━━━ Exercise inputs ━━━
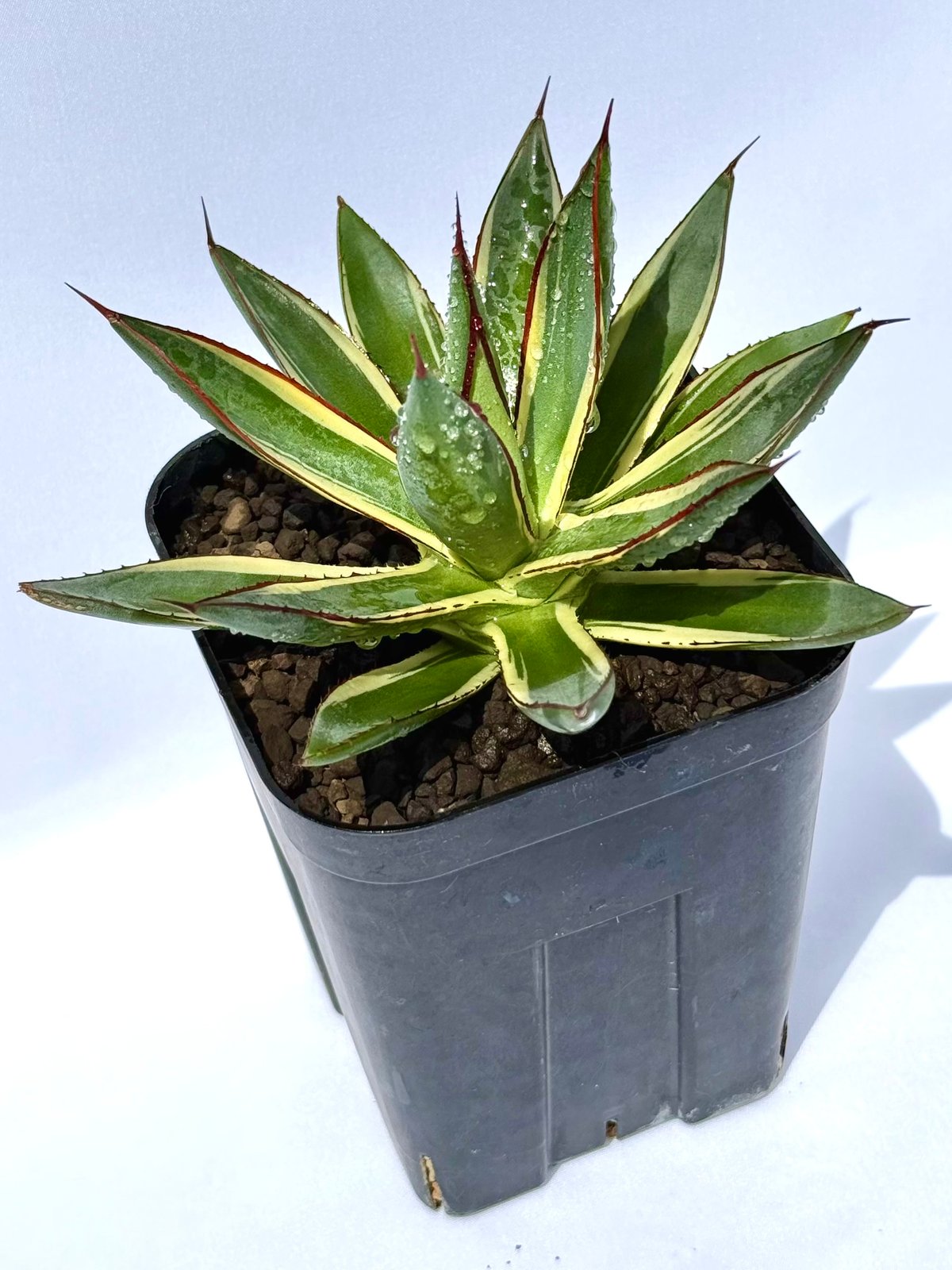 アガベ　スノーグロー　お化け斑 アガベ・スノーグロー / Agave 'Snow Glow'#1 | ChadPlants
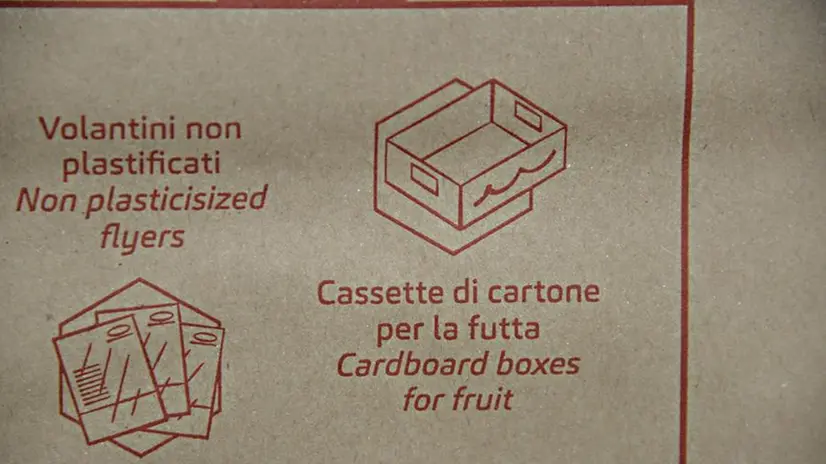 Il dettaglio con la svista ortografica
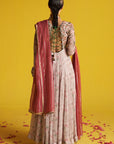 Mahi Multi Color Anarkali Set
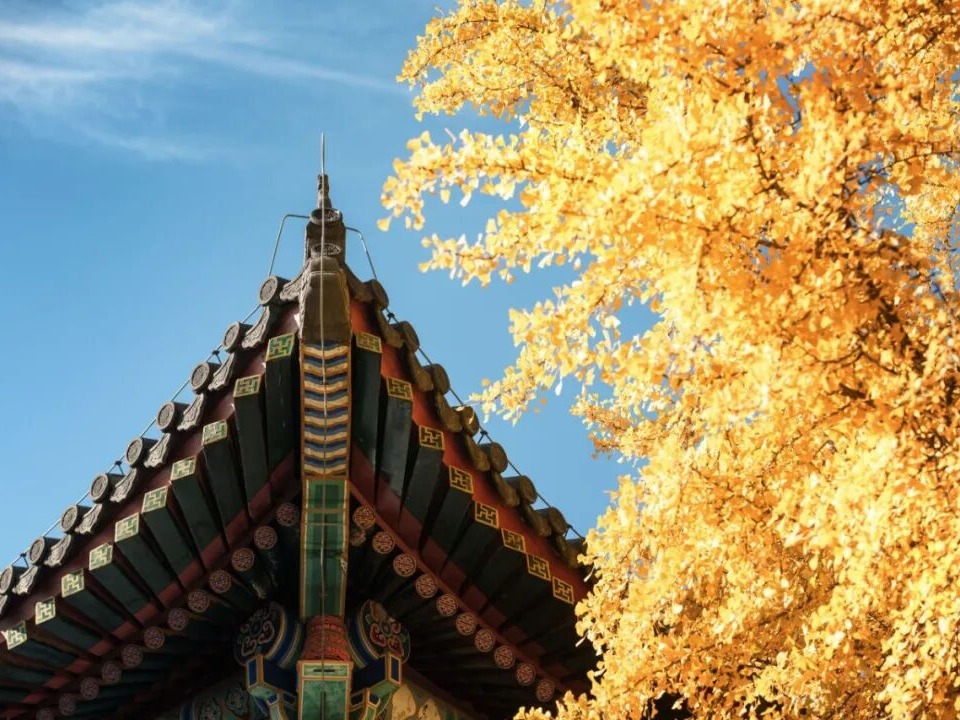 首页| 9001cc金沙集团以诚为本官网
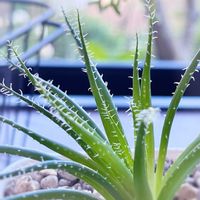 アロエ,ハオルチオイデス,アロエ ハオルチオイデス,多肉植物,クリスマスの画像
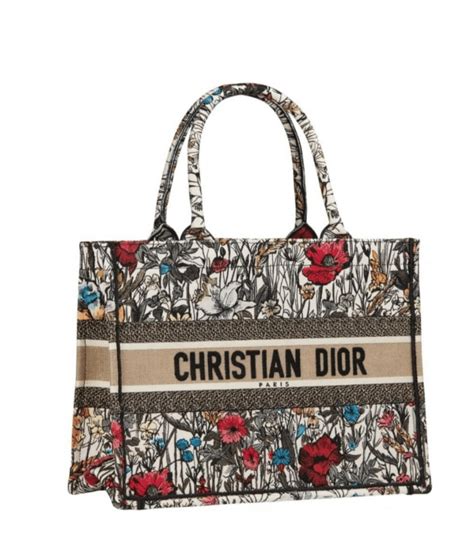 Dior Cruise 2021 Bag Collection Featuring The New Dior Caro Bag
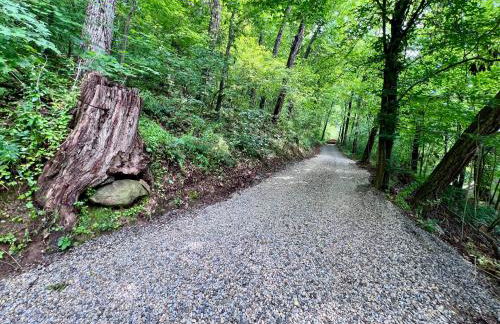 Burton Ridge Cabin - Foto 24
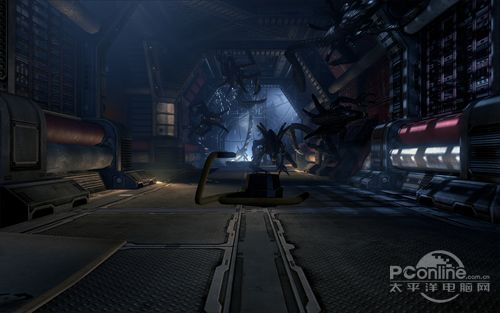 异形大战铁血战士 异形大战铁血战士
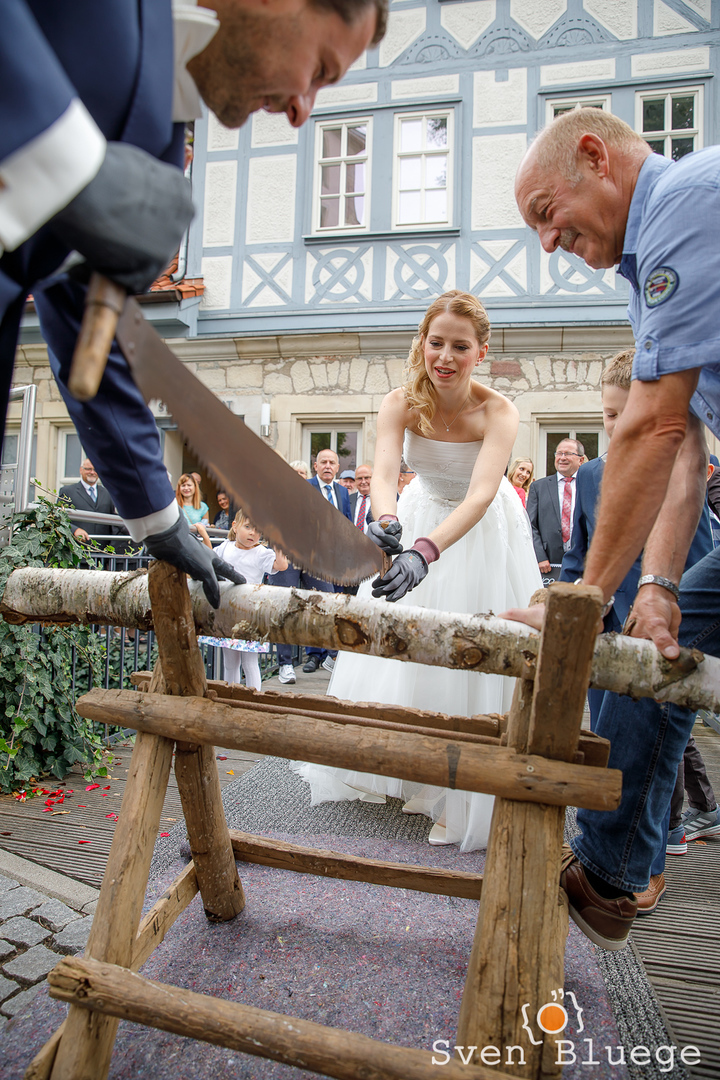 Ein Foto aus dem Album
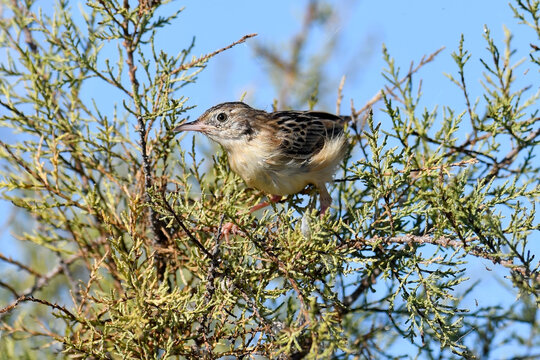 young Zitting cisticola // junger Zistens&auml;nger (Cisticola juncidis) - Peloponnese, Greece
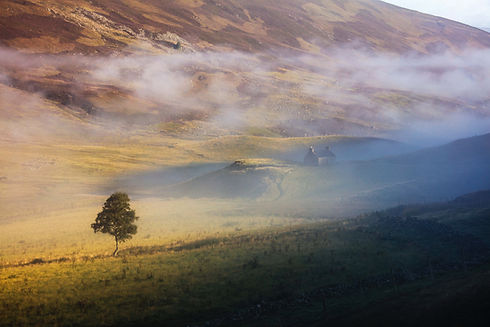 Image by martin bennie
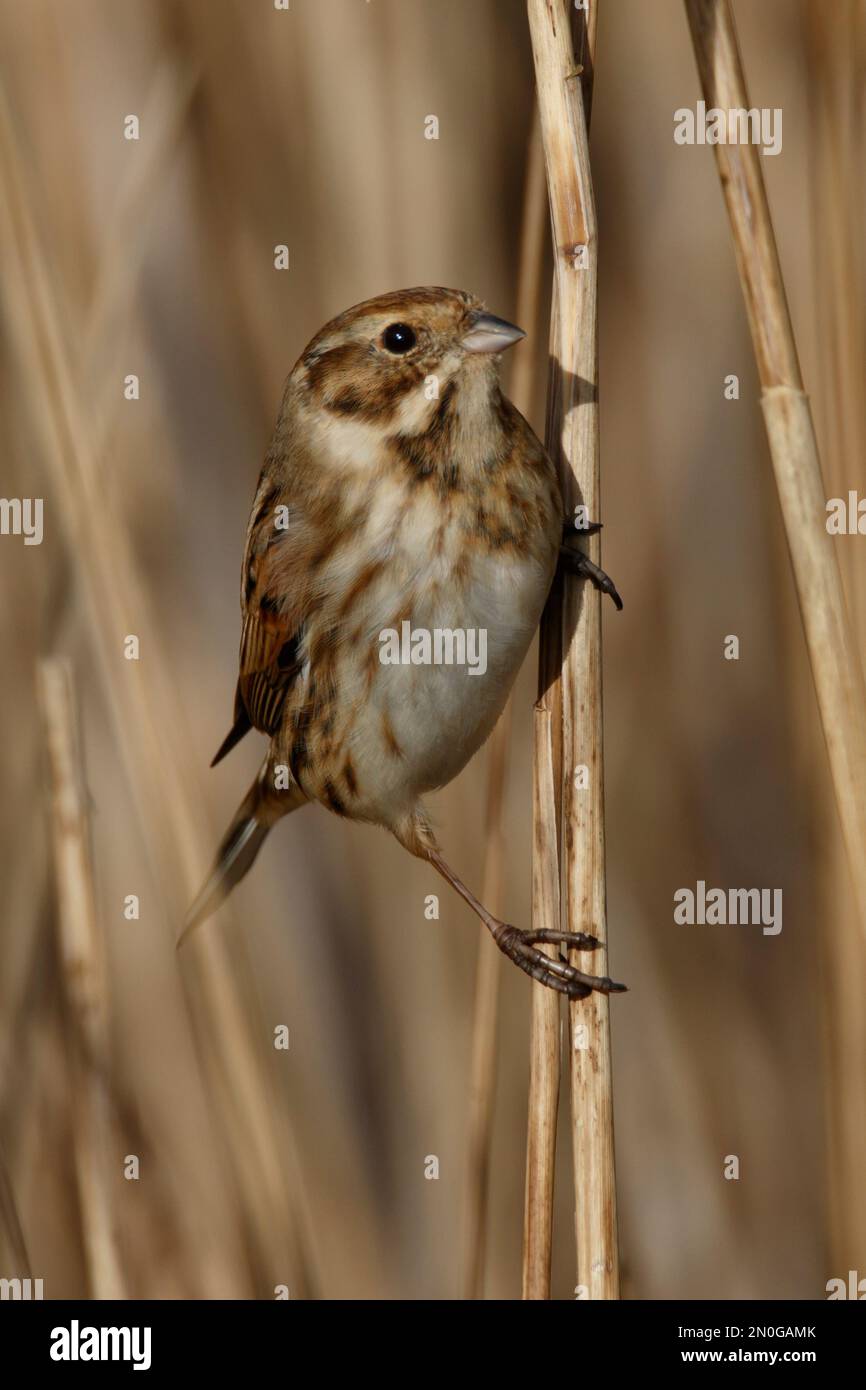 Une banderole à roseau, un petit oiseau se cachant dans les roseaux des terres humides à RSPB Lakenheath, dans le Norfolk, en Angleterre Banque D'Images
━━━
(What you should do) Return exactly the lines from the line with "Ein Foto aus dem Album" through the last line of the data above, both included; pictures do not go in the answer.

(Task answer)
 Ein Foto aus dem Album
 young Zitting cisticola // junger Zistens&auml;nger (Cisticola juncidis) - Peloponnese, Greece
 Image by martin bennie
 Une banderole à roseau, un petit oiseau se cachant dans les roseaux des terres humides à RSPB Lakenheath, dans le Norfolk, en Angleterre Banque D'Images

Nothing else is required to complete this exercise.